# Assignment
Extract, exactly as written, the line that contains "Vancouver 2010 Believe Knitted Scarf" and all lines after it through the end of the records. Omit pictures.

--- Records supplied Enclosed Below ---

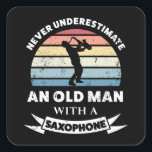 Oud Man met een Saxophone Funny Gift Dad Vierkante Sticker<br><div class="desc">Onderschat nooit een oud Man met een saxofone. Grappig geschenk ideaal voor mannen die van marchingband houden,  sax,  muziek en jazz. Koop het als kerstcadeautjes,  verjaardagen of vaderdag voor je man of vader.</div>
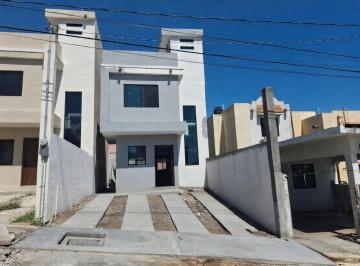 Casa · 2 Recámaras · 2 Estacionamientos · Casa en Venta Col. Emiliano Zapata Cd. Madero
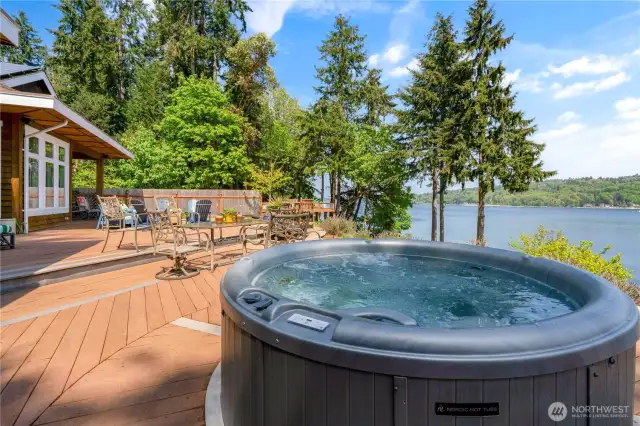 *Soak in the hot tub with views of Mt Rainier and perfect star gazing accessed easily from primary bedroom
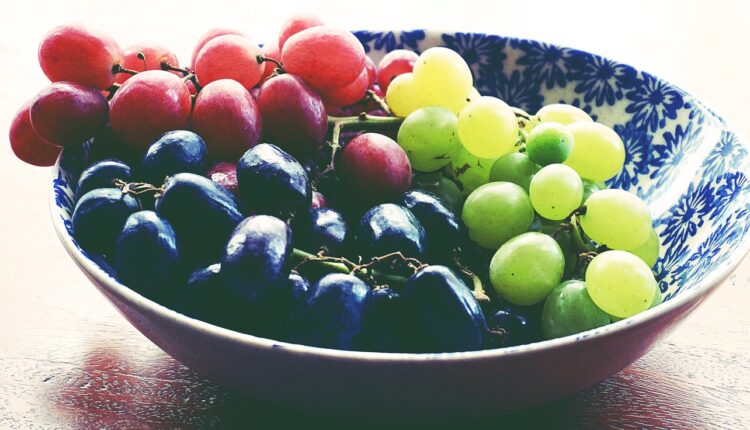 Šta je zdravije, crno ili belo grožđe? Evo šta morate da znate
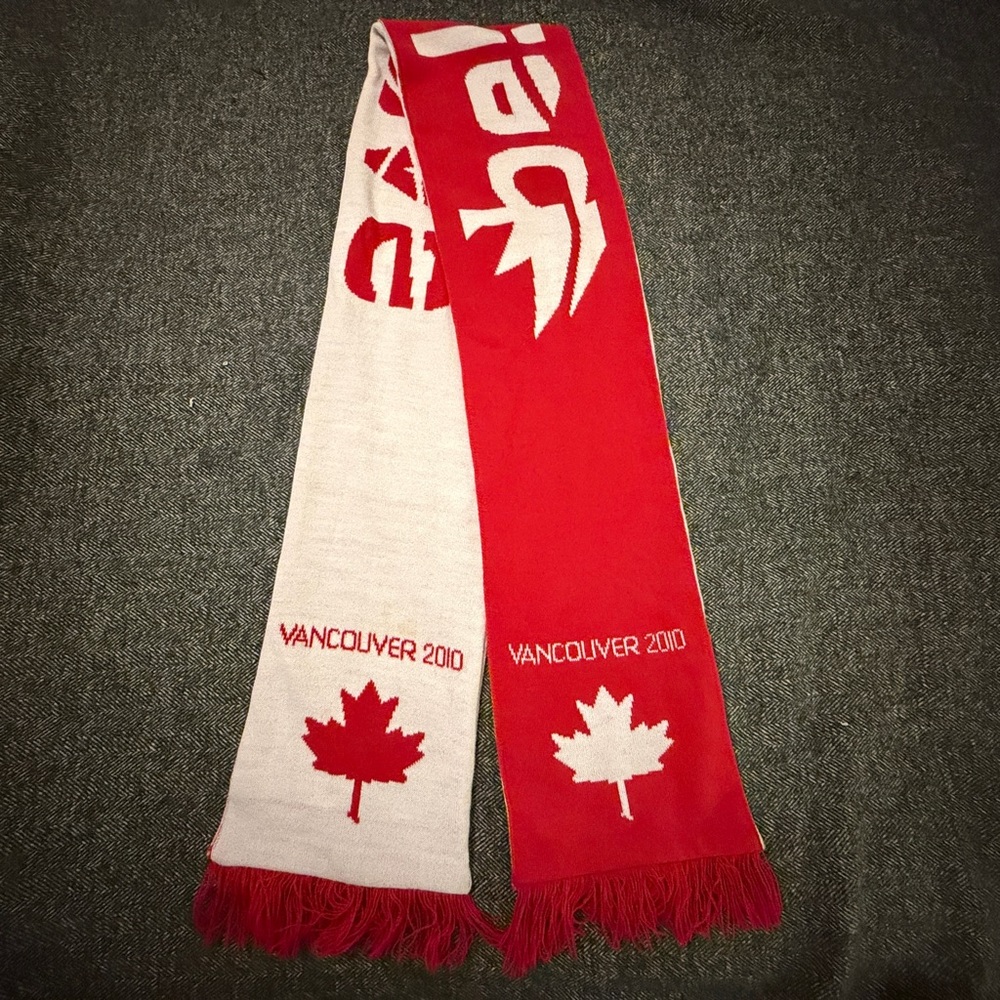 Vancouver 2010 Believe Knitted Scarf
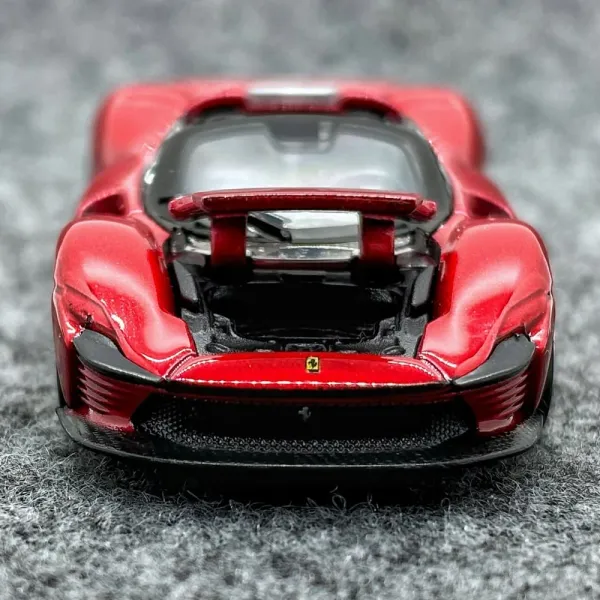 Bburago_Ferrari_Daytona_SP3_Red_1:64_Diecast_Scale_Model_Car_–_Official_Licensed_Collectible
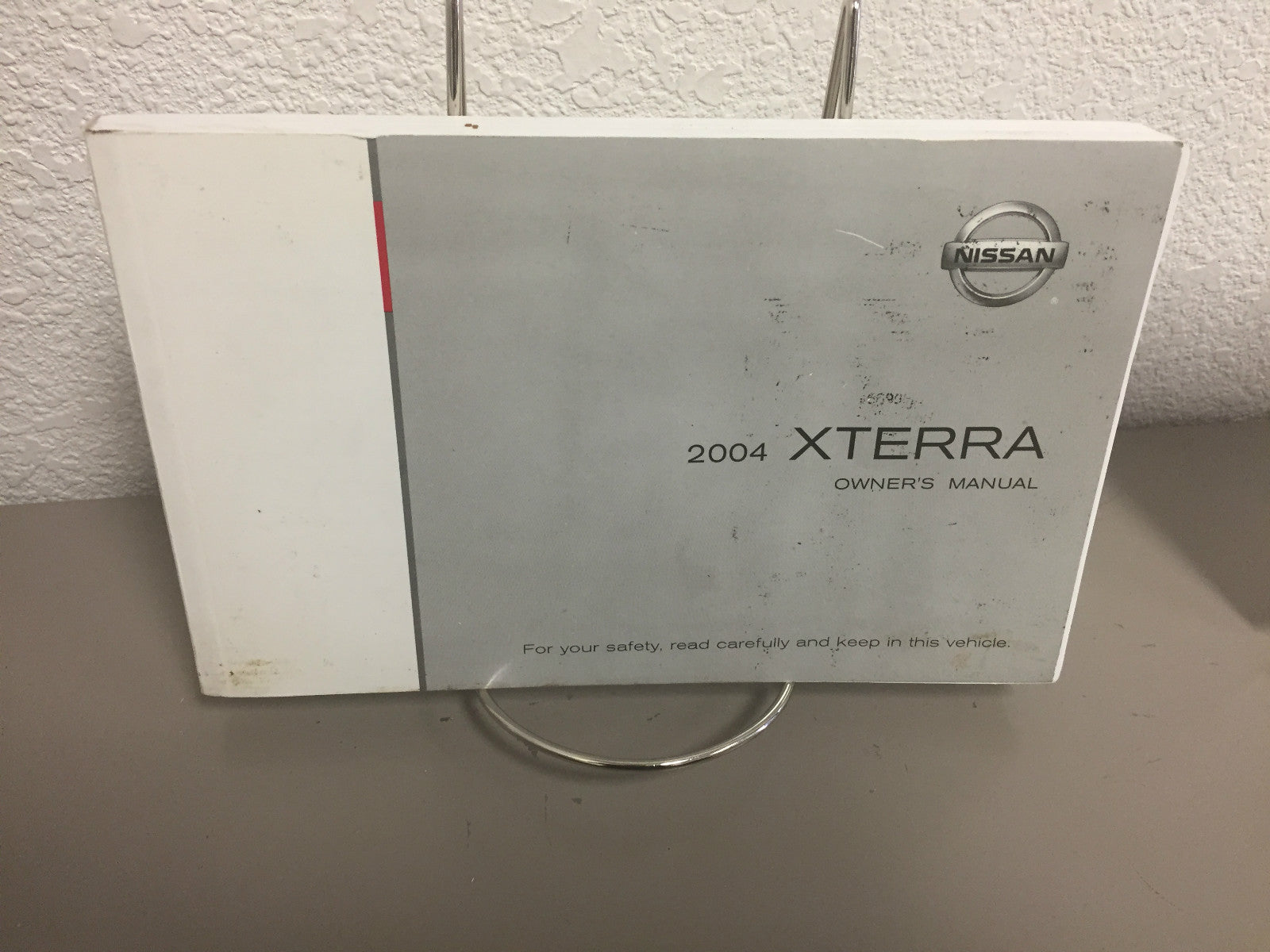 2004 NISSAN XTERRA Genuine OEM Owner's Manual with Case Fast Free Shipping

--- End of Enclosed Records supplied ---

# Result of this task
 Vancouver 2010 Believe Knitted Scarf
 Bburago_Ferrari_Daytona_SP3_Red_1:64_Diecast_Scale_Model_Car_–_Official_Licensed_Collectible
 2004 NISSAN XTERRA Genuine OEM Owner's Manual with Case Fast Free Shipping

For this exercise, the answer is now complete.